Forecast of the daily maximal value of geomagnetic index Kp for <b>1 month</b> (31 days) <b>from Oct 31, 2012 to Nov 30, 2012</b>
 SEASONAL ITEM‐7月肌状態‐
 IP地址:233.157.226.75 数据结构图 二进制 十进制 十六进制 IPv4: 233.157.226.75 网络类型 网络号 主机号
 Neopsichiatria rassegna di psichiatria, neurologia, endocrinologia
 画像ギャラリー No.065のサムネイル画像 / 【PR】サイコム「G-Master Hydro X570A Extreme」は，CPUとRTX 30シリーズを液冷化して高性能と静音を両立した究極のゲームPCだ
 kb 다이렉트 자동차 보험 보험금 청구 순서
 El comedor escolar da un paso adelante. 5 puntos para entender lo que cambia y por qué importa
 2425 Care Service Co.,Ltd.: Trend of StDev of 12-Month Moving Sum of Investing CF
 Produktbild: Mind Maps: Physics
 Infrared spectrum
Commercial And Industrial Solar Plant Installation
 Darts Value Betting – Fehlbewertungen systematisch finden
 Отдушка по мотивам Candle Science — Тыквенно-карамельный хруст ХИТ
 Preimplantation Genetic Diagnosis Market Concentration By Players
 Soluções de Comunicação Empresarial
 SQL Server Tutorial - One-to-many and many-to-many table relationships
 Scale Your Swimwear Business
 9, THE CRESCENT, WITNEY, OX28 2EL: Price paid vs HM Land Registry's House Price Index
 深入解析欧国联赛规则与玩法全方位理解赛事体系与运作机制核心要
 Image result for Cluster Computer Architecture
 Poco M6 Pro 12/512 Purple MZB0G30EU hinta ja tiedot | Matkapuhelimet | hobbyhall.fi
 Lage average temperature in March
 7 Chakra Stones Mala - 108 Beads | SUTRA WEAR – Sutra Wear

§ Exercise requirements
Above are some lines. Repeat exactly, and only, those from the line that has "El comedor escolar" through the line that has "Preimplantation Genetic Diagnosis".

§ Response to the task
 El comedor escolar da un paso adelante. 5 puntos para entender lo que cambia y por qué importa
 2425 Care Service Co.,Ltd.: Trend of StDev of 12-Month Moving Sum of Investing CF
 Produktbild: Mind Maps: Physics
 Infrared spectrum
Commercial And Industrial Solar Plant Installation
 Darts Value Betting – Fehlbewertungen systematisch finden
 Отдушка по мотивам Candle Science — Тыквенно-карамельный хруст ХИТ
 Preimplantation Genetic Diagnosis Market Concentration By Players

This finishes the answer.